2. Creer que los niños aprendan a base de exposición a la didáctica:


la adquisición del conocimiento proposicional.

La enseñanza didáctica suele basarse en la idea de que a los educandos se


les deben exponer hechos, principios y reglas de acción que tienen que aprender,
recordar y después aplicar. Enseñar de esta manera es suponer que el alumno no
conoce; que es ignorante o ajeno de ciertos hechos, reglas o principios que se
pueden transmitir exponiéndolos. Se concibe que lo que deberá aprender el discípulo
está “en” la mente de los maestros, así como en libros, mapas, obras de arte, bases
de datos de computadora o cualquier otra cosa. Al conocimiento simplemente se le
debe “ver” o “escuchar”. Es un canon o corpus explícito, una representación de lo
que se debe conocer.

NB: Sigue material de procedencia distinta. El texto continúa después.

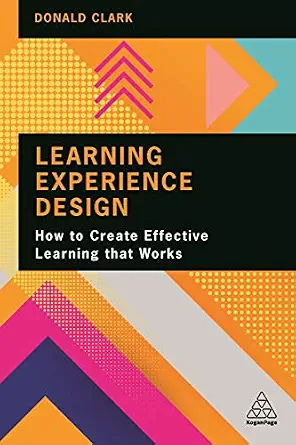 خرید و دانلود نسخه کامل کتاب زبان اصلی Learning Experience Design: How to Create Effective Learning that Works PDF | دانلود کتاب خارجی_6aadc44dce47f.webp خرید و دانلود نسخه کامل کتاب زبان اصلی Learning Experience Design: How to Create Effective Learning that Works PDF | دانلود کتاب خارجی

Se supone que el conocimiento procesal, el saber cómo, se
sigue automáticamente de conocer ciertas proposiciones acerca de hechos, teorías y
similares: “El cuadrado de la hipotenusa de un triángulo rectángulo es igual a los
cuadrados de los otros dos lados.”

Según este prototipo de enseñanza, las capacidades ya no se conciben como


saber hacer algo hábilmente, sino antes bien como la capacidad de adquirir un
conocimiento nuevo mediante la ayuda de ciertas “capacidades mentales”: verbales,
espaciales, numéricas, interpersonales, etc. Probablemente ésta es la línea de
pedagogía de uso común practicada más a menudo en la actualidad, sea en historia,
estudios sociales, literatura, geografía o hasta ciencias matemáticas. Su principal
atractivo consiste en que pretende ofrecer una especificación exacta de lo que se
deberá aprender, y -afirmación no menos discutible- que sugiere normas para
evaluar su logro. Más que ninguna otra teoría pedagógica de uso común, ha
engendrado exámenes objetivos en toda su miríada de aspectos. Para determinar si
un estudiante ha “aprendido” cuál es la capital de Albania, todo lo que se tiene que
hacer es ofrecerle una opción múltiple entre Tirana, Milán, Esmirna y Samarcanda.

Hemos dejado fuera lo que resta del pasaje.